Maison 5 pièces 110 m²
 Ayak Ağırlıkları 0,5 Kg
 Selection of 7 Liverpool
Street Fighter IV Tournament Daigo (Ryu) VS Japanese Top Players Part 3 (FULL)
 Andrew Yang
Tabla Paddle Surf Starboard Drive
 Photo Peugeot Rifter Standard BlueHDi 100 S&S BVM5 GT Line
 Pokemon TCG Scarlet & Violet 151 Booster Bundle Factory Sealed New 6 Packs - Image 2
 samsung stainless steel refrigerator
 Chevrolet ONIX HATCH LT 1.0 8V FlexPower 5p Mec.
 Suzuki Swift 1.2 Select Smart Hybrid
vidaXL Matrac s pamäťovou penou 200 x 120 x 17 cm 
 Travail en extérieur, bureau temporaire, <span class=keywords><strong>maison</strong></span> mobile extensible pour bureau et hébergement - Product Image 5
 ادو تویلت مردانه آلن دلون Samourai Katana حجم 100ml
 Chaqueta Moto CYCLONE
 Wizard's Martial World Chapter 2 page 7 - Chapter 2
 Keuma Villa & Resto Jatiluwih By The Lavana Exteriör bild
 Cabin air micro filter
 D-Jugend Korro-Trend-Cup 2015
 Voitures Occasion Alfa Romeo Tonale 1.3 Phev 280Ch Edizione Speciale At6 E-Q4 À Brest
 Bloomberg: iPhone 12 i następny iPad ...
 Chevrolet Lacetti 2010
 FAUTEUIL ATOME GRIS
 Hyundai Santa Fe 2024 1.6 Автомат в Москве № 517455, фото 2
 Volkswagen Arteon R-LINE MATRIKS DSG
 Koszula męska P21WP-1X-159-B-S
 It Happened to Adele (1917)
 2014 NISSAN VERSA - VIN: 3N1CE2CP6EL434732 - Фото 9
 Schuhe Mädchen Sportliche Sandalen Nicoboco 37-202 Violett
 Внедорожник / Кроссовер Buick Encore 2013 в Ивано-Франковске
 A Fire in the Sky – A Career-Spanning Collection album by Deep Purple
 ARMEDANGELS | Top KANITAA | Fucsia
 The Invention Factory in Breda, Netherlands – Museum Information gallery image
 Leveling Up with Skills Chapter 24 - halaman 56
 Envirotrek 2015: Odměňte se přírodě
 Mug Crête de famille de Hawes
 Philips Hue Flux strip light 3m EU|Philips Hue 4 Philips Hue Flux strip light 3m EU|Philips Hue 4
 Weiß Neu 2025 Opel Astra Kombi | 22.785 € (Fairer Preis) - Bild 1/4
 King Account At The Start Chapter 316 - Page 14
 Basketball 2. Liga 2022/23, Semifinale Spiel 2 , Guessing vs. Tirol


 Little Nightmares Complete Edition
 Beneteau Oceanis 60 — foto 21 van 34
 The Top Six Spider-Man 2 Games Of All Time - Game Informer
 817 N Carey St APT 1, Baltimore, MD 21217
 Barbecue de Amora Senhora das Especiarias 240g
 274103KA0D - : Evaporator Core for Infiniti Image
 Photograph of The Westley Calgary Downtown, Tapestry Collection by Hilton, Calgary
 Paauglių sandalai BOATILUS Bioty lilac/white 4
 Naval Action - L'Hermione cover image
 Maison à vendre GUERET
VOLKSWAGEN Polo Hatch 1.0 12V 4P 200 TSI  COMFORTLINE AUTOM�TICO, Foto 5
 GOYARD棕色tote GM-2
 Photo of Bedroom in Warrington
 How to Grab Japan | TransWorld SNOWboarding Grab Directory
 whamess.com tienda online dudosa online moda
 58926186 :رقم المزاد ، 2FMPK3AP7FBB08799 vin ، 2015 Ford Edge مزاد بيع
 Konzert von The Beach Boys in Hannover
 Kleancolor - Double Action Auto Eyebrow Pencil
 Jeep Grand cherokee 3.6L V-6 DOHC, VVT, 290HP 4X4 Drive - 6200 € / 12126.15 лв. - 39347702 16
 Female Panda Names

================================

**WORK TO BE COMPLETED:** Transcribe exactly, and only, the lines from the one holding "Paauglių sandalai BOATILUS" through the final line of the listing.

**SOLVED EXERCISE:**
 Paauglių sandalai BOATILUS Bioty lilac/white 4
 Naval Action - L'Hermione cover image
 Maison à vendre GUERET
VOLKSWAGEN Polo Hatch 1.0 12V 4P 200 TSI  COMFORTLINE AUTOM�TICO, Foto 5
 GOYARD棕色tote GM-2
 Photo of Bedroom in Warrington
 How to Grab Japan | TransWorld SNOWboarding Grab Directory
 whamess.com tienda online dudosa online moda
 58926186 :رقم المزاد ، 2FMPK3AP7FBB08799 vin ، 2015 Ford Edge مزاد بيع
 Konzert von The Beach Boys in Hannover
 Kleancolor - Double Action Auto Eyebrow Pencil
 Jeep Grand cherokee 3.6L V-6 DOHC, VVT, 290HP 4X4 Drive - 6200 € / 12126.15 лв. - 39347702 16
 Female Panda Names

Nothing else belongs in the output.